2013/12/27
報告:KnKスタッフ 久野 由里子
ジャパン・プラットフォーム
助成事業
11月末にKnKフィリピンチームがレイテ島、サマール島で調査を実施し、現在、事業対象地の最終選定プロセスに入っています。
日本からは12月19日にスタッフがフィリピンに渡航し、22日より被災地に入りました。
レイテ島のパロ、タナワン、サマール島のバサイ、マラブットをまわり、教育省、学校関係者、地域行政、子どもたちからの聞き取りを継続しています。
フィリピンの人は、大人も子どもも陽気で、目が合うと手を振り、笑顔を向けてくれます。家を失い、家族を失い、友だちを失うような体験をした後でも。
自分より幼い子どもたちを楽しませたいと、
友人たちとレクリエーションを開始した。
レイテ島パロで出会った子どもたち。目が合うと恥ずかしがって隠れてしまう愛らしい子どもたちです。自己紹介をして、他愛もない会話をして、子どもたちがクリスマス・ソングを披露してくれた後に案内してくれたのは、彼らが通っていた学校。安全だと思って避難した学校が被災し、60名以上が亡くなったと子どもたちが教えてくれました。

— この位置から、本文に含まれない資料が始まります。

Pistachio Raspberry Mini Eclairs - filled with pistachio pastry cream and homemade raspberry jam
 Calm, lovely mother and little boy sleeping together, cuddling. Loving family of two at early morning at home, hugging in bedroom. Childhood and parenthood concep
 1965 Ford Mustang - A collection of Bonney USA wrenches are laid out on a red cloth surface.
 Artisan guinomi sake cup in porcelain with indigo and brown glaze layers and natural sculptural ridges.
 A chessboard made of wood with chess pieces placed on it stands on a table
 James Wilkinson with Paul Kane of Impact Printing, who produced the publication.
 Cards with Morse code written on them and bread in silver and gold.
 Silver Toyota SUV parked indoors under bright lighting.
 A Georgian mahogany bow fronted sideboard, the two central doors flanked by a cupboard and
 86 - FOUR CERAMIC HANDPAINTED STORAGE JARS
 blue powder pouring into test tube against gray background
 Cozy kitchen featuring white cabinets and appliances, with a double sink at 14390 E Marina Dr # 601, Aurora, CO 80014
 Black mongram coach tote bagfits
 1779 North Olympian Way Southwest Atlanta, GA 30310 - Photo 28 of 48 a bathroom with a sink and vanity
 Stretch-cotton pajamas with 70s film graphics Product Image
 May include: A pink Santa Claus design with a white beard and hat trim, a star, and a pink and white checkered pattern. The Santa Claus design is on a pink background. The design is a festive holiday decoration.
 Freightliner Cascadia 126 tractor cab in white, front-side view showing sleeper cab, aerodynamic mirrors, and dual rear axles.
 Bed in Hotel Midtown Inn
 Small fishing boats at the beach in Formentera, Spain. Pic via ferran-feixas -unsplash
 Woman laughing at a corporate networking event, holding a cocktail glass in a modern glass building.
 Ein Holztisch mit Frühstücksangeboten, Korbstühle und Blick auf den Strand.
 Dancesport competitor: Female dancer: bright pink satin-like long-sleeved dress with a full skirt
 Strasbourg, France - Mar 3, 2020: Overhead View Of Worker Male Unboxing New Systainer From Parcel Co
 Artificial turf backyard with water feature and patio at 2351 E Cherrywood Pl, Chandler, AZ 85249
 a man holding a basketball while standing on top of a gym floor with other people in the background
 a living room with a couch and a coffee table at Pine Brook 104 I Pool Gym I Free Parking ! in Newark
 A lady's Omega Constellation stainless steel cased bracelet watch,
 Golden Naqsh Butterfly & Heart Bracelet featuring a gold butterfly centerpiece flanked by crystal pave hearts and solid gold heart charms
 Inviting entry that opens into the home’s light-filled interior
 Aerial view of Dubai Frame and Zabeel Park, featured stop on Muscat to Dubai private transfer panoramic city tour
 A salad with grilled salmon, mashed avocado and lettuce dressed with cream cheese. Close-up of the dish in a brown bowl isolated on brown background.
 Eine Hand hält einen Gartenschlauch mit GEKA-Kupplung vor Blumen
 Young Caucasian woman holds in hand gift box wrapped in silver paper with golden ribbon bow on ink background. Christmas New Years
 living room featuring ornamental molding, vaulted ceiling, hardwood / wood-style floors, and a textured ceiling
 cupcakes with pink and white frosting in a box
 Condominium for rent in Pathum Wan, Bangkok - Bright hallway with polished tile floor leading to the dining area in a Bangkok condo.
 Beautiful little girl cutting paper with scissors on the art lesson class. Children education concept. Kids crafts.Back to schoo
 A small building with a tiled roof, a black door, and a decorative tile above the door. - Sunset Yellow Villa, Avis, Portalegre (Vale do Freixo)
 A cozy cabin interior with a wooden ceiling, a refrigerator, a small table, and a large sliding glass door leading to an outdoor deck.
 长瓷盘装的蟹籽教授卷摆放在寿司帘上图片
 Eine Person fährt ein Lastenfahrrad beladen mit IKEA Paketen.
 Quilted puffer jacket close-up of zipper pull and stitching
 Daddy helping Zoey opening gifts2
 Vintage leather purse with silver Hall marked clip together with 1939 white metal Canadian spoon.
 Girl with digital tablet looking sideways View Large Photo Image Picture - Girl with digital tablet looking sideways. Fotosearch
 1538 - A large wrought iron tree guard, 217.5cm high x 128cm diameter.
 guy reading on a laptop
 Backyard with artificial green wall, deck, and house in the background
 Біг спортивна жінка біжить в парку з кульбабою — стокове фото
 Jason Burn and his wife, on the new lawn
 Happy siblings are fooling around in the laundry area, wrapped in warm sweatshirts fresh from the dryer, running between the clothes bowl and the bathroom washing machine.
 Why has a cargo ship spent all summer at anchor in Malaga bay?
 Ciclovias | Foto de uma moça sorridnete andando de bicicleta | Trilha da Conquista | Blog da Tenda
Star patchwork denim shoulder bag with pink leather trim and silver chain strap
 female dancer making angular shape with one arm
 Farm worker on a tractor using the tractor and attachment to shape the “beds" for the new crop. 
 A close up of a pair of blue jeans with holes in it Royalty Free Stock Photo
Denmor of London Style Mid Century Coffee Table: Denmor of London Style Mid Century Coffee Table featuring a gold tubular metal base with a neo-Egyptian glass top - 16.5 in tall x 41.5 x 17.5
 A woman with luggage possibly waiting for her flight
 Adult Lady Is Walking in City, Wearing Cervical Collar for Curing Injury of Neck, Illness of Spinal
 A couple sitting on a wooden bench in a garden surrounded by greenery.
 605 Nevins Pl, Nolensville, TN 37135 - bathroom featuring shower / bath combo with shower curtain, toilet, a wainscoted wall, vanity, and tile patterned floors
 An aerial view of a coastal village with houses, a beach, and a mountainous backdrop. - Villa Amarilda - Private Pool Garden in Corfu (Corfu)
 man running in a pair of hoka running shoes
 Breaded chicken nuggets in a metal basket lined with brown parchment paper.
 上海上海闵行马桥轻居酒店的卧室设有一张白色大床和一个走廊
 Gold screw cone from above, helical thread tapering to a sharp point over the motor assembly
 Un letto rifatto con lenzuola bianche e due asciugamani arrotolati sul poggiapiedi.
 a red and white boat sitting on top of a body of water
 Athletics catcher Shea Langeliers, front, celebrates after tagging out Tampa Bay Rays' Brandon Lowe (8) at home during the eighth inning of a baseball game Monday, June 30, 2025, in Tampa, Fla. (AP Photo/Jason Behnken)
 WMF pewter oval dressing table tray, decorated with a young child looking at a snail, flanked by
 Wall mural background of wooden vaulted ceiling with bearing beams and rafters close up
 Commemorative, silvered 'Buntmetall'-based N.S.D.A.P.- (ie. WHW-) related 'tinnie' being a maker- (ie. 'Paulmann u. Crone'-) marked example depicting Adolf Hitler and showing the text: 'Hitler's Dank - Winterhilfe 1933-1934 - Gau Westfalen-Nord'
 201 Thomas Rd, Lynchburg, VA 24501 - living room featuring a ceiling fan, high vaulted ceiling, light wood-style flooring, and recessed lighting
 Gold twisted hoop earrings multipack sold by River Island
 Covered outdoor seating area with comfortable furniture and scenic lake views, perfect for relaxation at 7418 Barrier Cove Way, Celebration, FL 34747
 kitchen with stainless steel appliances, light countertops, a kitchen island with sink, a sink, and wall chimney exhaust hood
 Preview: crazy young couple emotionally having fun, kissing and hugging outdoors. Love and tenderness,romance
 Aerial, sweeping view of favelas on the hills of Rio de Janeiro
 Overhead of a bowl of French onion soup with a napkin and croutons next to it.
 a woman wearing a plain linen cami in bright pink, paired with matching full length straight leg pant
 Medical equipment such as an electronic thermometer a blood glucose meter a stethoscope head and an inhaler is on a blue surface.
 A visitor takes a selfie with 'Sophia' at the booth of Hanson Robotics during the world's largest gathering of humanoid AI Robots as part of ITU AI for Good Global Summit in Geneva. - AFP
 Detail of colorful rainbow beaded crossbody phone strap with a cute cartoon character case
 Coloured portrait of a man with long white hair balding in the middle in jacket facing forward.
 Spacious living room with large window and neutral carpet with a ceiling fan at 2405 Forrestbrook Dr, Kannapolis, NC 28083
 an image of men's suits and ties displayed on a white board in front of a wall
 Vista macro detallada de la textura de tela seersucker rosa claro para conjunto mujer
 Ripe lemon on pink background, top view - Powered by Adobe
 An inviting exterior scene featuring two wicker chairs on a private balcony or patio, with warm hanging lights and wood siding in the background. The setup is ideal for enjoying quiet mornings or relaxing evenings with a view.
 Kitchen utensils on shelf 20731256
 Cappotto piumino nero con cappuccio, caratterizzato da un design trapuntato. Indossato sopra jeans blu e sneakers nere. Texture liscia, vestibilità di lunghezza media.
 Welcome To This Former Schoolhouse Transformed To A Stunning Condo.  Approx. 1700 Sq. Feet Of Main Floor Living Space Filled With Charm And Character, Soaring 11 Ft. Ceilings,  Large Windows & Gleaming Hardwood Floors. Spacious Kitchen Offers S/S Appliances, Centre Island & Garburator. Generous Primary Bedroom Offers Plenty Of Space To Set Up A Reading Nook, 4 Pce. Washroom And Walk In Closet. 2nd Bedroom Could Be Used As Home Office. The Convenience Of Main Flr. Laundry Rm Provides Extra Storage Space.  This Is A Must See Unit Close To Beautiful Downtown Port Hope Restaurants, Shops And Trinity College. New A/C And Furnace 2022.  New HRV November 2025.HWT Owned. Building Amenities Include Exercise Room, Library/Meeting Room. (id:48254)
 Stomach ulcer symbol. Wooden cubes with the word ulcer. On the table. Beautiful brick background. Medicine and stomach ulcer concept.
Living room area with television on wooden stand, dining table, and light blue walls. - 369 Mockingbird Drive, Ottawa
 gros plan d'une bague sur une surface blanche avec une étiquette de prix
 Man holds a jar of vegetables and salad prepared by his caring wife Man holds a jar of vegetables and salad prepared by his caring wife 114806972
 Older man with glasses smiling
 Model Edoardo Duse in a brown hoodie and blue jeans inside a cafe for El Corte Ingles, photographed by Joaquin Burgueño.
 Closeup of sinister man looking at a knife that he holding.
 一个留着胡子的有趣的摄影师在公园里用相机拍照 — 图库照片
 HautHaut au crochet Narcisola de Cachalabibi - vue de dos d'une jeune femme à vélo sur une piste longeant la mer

この地域では、幼い子どもたちに被災前と同じような楽しみを味わわせてあげたいと、15~17歳くらいの少年少女がグループになり歌やダンスなどのレクリエーションを開始したと少女たちが話してくれました。
彼ら自身、抱えきれない痛みや苦しみを抱えているはずだと想像し、それ以上質問はできなくなってしまいました。
サマール島バサイ、マラブットを訪問すると、コミュニティ全体が被災しているにも関わらず、まだまだ支援が行き届いていない状況を目の当たりにしました。
決して裕福ではない地域。木などの軽い資材で作られた家は、大人の身長ほどの高潮に襲われた後、骨組みだけになっているか、跡形もなくなってしまっていました。
車で事業対象予定地を回る途中出会ったのは、雨の中物乞いをする子どもたちでした。この地域ではココナッツを利用した製品(ココナッツオイル、石鹸、シャンプーなど)と漁業が主な生計手段でしたが、どちらも台風により大きな被害を受けました。家計が不安定になったとき、弱い立場に置かれるのは子どもたちです。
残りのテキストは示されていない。